### [About this task]
Write the listing below out again word for word, without a single picture.
── Supplied material ──
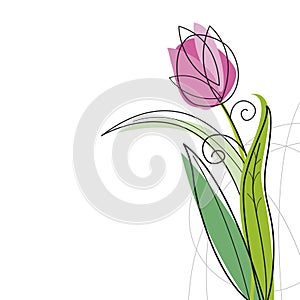 Tulip design photo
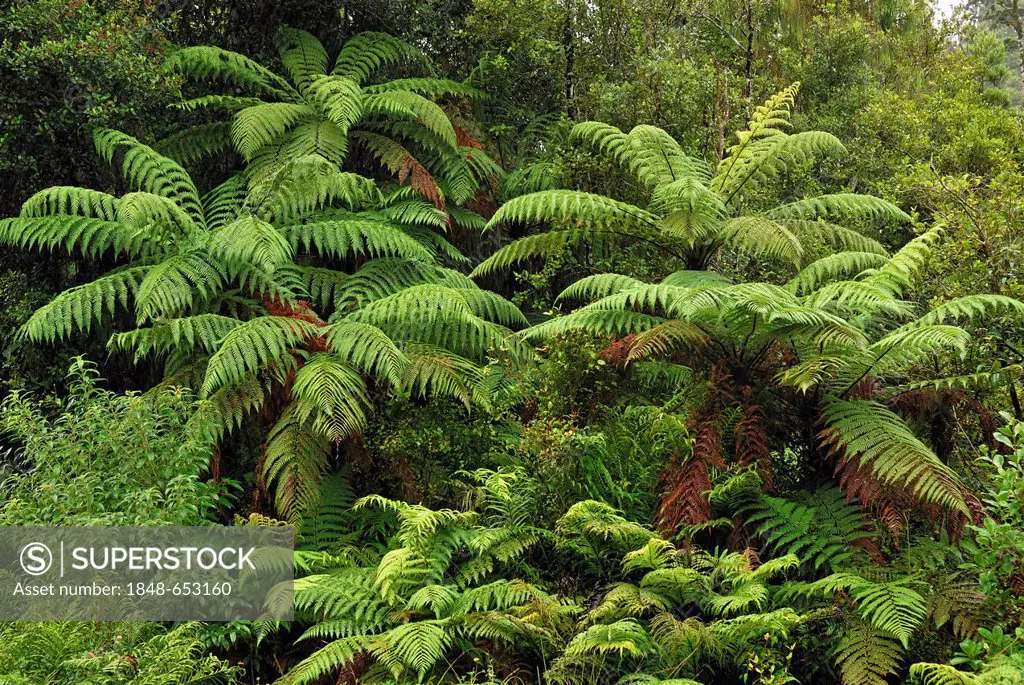 Rain forest with tree ferns between Haast and Jackson Bay, South Island, New Zealand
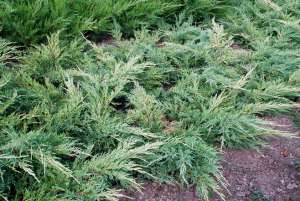 Vand  ienupar  (juniperus)  toate  soiurile  cu  diametru  intre 60 si 120 cm . din  pepiniera propr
───
### [Response box]
 Tulip design photo
 Rain forest with tree ferns between Haast and Jackson Bay, South Island, New Zealand
 Vand  ienupar  (juniperus)  toate  soiurile  cu  diametru  intre 60 si 120 cm . din  pepiniera propr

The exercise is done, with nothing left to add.